Lindelof described Walt's abilities as "mythological magic," writing that he "had these kind of psychic abilities in a Stephen King kind of way. Birds are smashing into windows, and we are calling an episode 'Special'." According to writer Nikki Stafford, two situations imply Walt summons animals – he causes a bird to fly into a window while reading a book on birds, and he makes a polar bear attack him after reading a comic book about such a bear. The polar bear was mostly depicted through computer generated imagery, with an animatronic head and puppeteers wearing bear arms being used for close-ups.

==Reception==
"Special" first aired on January 19, 2005, in the United States. It experienced only a slight decline from the season's earlier high-rated episodes. The episode's premiere earned an estimated 19.69 million American viewers, and finished first in its timeslot. It garnered an overall ratings share of 12.6/19, and in the adult demographic it earned a share of 7.9/21, placing sixth among adults aged 18 to 49.

"Special" was well received by critics. Chris Carabott of IGN called Michael's flashback "heart wrenching" and praised Perrineau's "brilliant performance" at "expressing the heartbreak that Michael is feeling." He rated "Special" with a score of 7.8 out of 10, an indication of a "good" episode. Kirthana Ramisetti from Entertainment Weekly called it the best episode since "Walkabout" because of Michael's character development. She said that one of her favorite scenes of the entire season "was Michael and Walt bonding over the letters and the drawing of the sunburned penguin. It was moving to see these two finally relating to each other as father and son after everything they've been through."

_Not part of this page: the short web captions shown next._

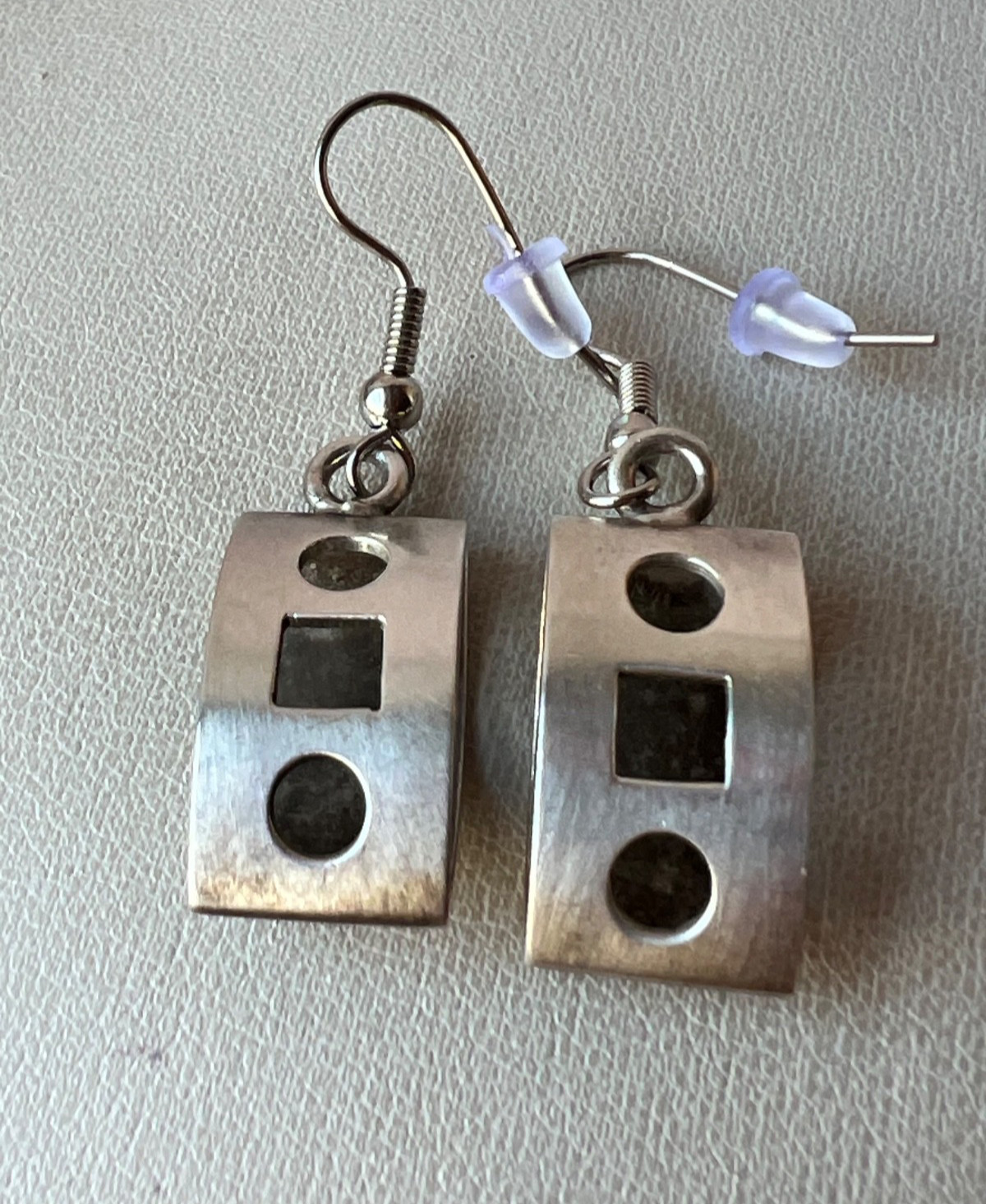 VINTAGE DESIGNER FORBES 925 STERLING SLVER GEOMETRIC DANGLE DROP EARRINGS UNIQUE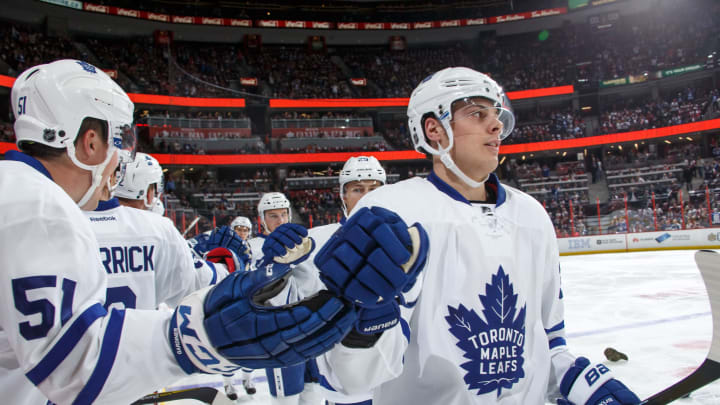 OTTAWA, ON – OCTOBER 12: Playing in his NHL debut, Auston Matthews #34  (Photo by Andre Ringuette/NHLI via Getty Images)
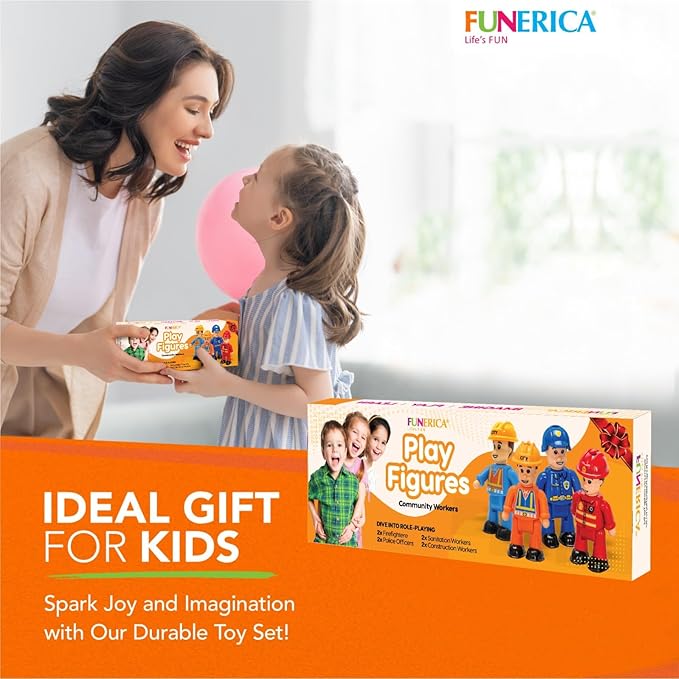 FUNERICA 8-Set Bendable Play People Figures for Kids - Firefighters, Police Officers, Construction Workers, Sanitation and Community Helpers Figurines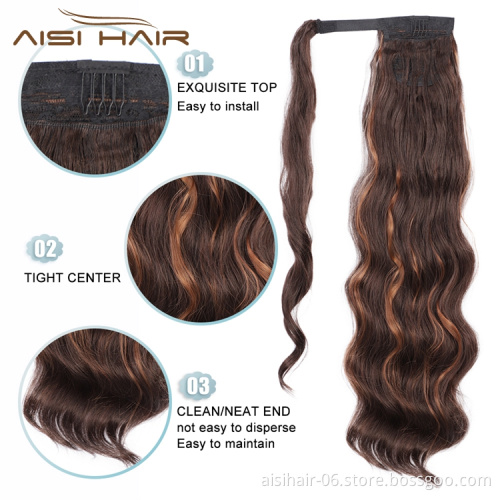 Cheap African Heat Friendly Resistant Brown Long Curly Ponytail Warp Synthetic Extension Braid Hair For Women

In her 2006 work Finding Lost: The Unofficial Guide, Nikki Stafford considered the episode's flashbacks to be "some of the most emotionally painful ones yet" due to the lack of control over his circumstances. She also praised Monaghan's comic timing. Robert Dougherty, author of the 2008 book Lost Episode Guide for Others: An Unofficial Anthology, classified it as a "must see episode", explaining that it redefined Michael and Walt's relationship to viewers, introduced "new mysteries," and had a good cliffhanger. After the series' conclusion in 2010, IGN ranked "Special" as the 86th best episode of the series, noting that while "Michael was not the most popular character," Perrineau gave a "great performance." On a similar list, the Los Angeles Times ranked "Special" as the 87th best, observing that the episode's few "fantastic moments" were marred by its "terrible, terrible special effects."